Have you tried shutting the fan off for a couple days to see if the temps are the same? That's what I found to be the case with the laptop cooler I have.


----------



## bigcarr (Mar 16, 2008)

Try the single component cooler kit on this site. http://www.coolerguys.com/comcool.html I got the single fan cabinet kit, it works great. The fans are super quiet, way better than the laptop cooler I tried. And you dont have to use your USB port. http://www.coolerguys.com/cabinetcooling.html


----------



## Kman68 (Jan 24, 2008)

Variation on the plug in (AC) fan:










Difference it has a speed controller so you can make it as quiet as you want.

I plugged mine in to the receiver switched AC plug so that when I fire up the Home Theater (aka. watch tv) the fan turns on. When I shut it down, the fan turns off. It cames in many sizes to fit your cabinet. Personally went for 120 mm to move the most air with the least noise. Immediately, the temp went down by 5 degrees. I have never heard the 722 fan since.

Found it for ~$25 delivered at buyextras.com


----------



## fatmikla22 (May 15, 2008)

I just purchased one of the thermaltake cooling fans and I'm placing it in the left rear corner near the vent of my 722. I have the fan facing out to draw out the warm air, my question is should I keep the fan runnind 24/7 because in the morning when I feel the box it's warm even though the tv hasn't been on all night.

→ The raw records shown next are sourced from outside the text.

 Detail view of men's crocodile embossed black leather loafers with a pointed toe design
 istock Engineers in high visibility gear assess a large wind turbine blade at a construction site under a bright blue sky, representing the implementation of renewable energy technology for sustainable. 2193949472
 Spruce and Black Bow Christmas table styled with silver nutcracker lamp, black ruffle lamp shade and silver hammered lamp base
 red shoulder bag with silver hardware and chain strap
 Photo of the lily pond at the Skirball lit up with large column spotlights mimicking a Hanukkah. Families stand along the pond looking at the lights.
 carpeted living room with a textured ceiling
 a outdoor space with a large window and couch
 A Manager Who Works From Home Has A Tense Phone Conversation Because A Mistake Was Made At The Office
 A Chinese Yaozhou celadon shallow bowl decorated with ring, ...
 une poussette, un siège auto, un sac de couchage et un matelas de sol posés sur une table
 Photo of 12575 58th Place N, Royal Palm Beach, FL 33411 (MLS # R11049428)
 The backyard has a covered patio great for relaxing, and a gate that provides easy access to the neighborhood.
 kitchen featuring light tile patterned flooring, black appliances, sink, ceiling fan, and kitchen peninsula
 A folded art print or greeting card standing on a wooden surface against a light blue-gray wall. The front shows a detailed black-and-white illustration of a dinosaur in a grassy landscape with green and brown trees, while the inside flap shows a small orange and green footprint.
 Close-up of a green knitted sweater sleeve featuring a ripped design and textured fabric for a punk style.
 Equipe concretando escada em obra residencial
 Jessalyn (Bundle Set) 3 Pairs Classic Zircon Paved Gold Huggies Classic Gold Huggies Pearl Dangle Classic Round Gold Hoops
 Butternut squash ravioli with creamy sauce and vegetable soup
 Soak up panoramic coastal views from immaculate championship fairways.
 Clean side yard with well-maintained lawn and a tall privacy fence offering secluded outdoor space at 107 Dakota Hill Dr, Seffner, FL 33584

Thanks.


----------



## Tulsa1 (Oct 15, 2003)

fatmikla22 said:


> I just purchased one of the thermaltake cooling fans and I'm placing it in the left rear corner near the vent of my 722. I have the fan facing out to draw out the warm air, my question is should I keep the fan runnind 24/7 because in the morning when I feel the box it's warm even though the tv hasn't been on all night. Thanks.


Since the 722 is basically running all the time you would be best to let the fan run
all the time also. I've had a Thermaltake fan placed just as you discribed and it
keeps my 722 happy. I would adjust the speed of the fan at the highest speed
without being a noise problem for you.


----------